Reality is slowly dawning. Saudi Arabia has recognised that it is the swing producer in the global oil market and the only country with the ability to move the oil price by its own actions. On Monday, the Saudi energy minister Khalid al Falih announced that from August Saudi exports would be limited to 6.6m barrels a day, 400,000 below current levels, implying a net fall from a year ago, before the current Opec quota arrangement was put in place, of almost 1m barrels a day.
But is this enough to push oil prices up ? The immediate reaction of the oil market gives one answer. Prices rose on the announcement but only by 3 per cent. Brent crude crept up and just managed to reach $50 a barrel. It is worth remembering that only three years ago the price was well over $100. Any action is better than none. Without this cut in exports the price could well have fallen further. But the true answer to the question is that on its own the Saudi action is insufficient. Why? The most important factor is the trend of production elsewhere. The Saudi cuts could, and probably will, be swamped by increasing output in any one of a number of countries.
Libya, excluded from the Opec quota because of its internal problems, has a new government that is managing to get production flowing again.
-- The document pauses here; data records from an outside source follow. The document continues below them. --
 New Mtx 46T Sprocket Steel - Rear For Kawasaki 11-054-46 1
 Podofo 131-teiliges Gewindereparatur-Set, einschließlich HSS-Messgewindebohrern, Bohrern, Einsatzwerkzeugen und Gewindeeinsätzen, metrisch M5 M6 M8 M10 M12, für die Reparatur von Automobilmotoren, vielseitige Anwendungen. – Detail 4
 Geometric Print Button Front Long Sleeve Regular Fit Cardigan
In June, Libyan production was up to almost 1m barrels a day. Its capacity is probably still more than 1.5m barrels a day. That level won’t be achieved immediately but there is every chance that production will rise further before the end of 2017. In Nigeria, also excluded from the cartel’s quota deal, production is increasing again. The country has offered to cap output at 1.8m barrels a day but that is still 200,000 above current levels. Russia, which never fully met its promised adherence to the Opec quotas, has every incentive to increase output and revenue ahead of next year’s presidential election, as do other oil exporters from Algeria to Venezuela. Any increase in prices produced by the Saudi action will be very welcome, but will also encourage suppliers to put more oil on the market to maximise immediate revenue.
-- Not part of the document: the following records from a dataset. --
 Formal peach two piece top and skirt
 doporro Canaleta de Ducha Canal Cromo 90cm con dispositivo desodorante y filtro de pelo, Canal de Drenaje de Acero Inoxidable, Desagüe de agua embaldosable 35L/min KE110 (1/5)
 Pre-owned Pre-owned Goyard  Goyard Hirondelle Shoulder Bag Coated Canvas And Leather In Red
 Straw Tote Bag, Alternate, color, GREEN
The temptation to cheat on any quota arrangement is always high. Most important of all, US production of oil from the shale rocks of the Permian basin is set to grow by around 780,000 barrels a day by the end of the year, with more to come in 2018. Even a marginal increase in prices could push this higher as fields taken out of production when prices were low come back on stream. The International Energy Agency in its most recent outlook on the oil market into next year sees total non-Opec production rising by another 1.5m barrels a day. In their view that is sufficient to cover the projected increase in global demand. Chinese oil consumption continues to grow — imports were up to more than 8.7m barrels a day in June — but that is still being offset by flat or even falling demand in the US, Europe and Japan.
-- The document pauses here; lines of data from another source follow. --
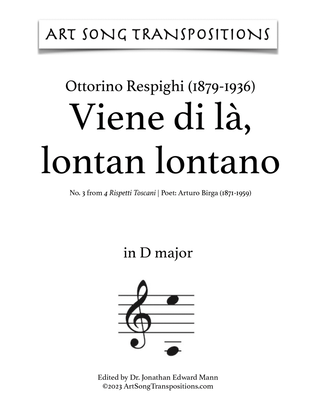 Book cover for RESPIGHI: Viene di là, lontan lontano (transposed to D major)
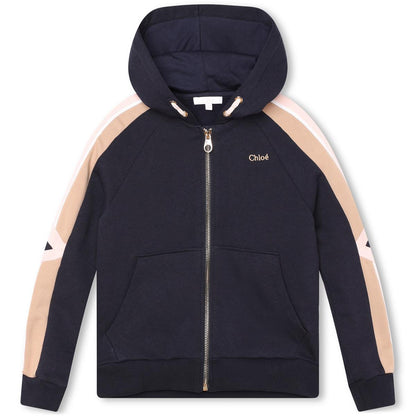 女童藏青色拉链上衣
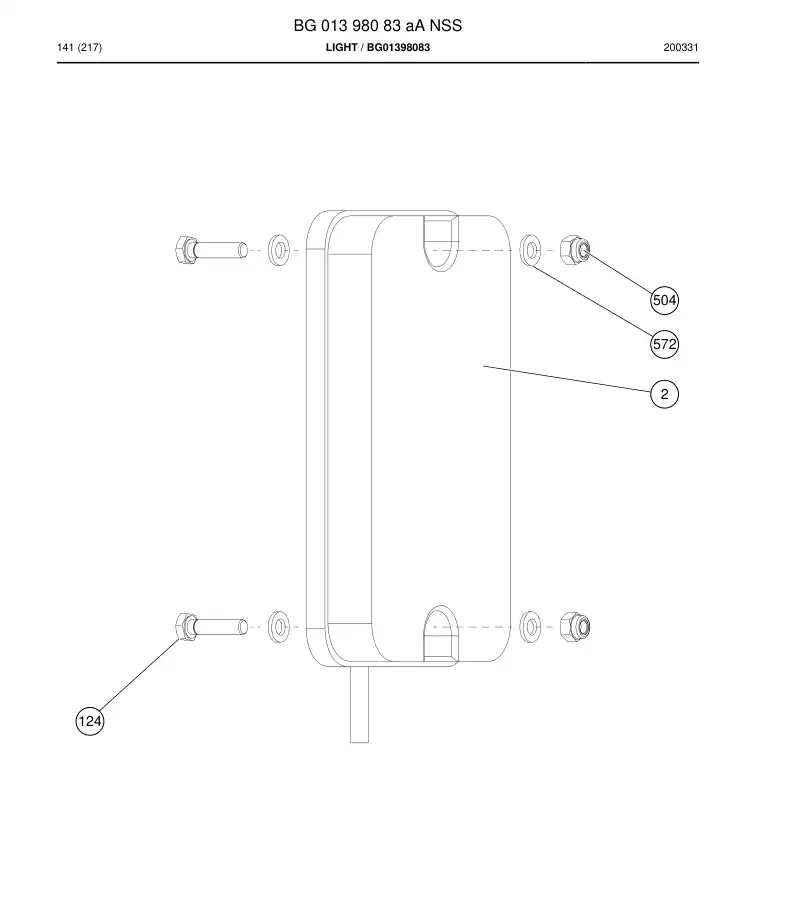 BG01398083a BG 013 980 83a Light - Sandvik Technical Drawing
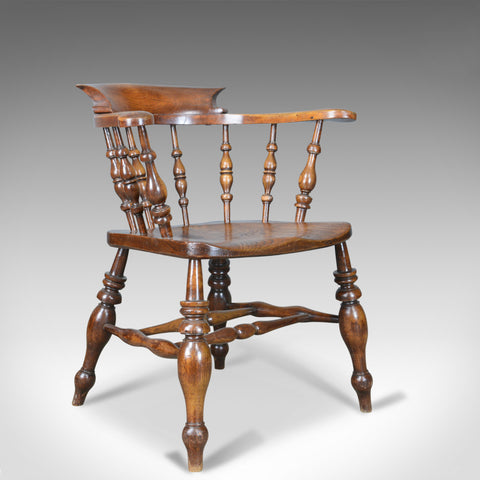 Antique Bow Chair, Smokers, Captains, English, Victorian, Elm, Windsor c.1870 - London Fine Antiques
The economic boom hoped for after the election of President Donald Trump in the US has not materialised. The second downward pressure on prices comes from the overhang of stocks built up over the last three years. An unexpected drawdown of stocks in the US helped support the short-term increase in oil prices but it will take a long, sustained excess of demand over supply for stocks to return to normal levels. All this suggests that the Saudi action is directionally right but insufficient. A cut of 1.5m to 2m barrels a day will be necessary and will have to be sustained if the stock overhang is to be removed.
Only then will supply and demand be back in balance. That would be a very substantial step for the Saudis, given their internal problems and revenue needs. Optimists will judge the Saudis to be moving in the right direction, recognising reality and overcoming the humiliation of being the swing producer. Realists will be more cautious and wonder whether the new Saudi leadership will ever sanction the dramatic cut in output (and revenue) needed to stabilise the market.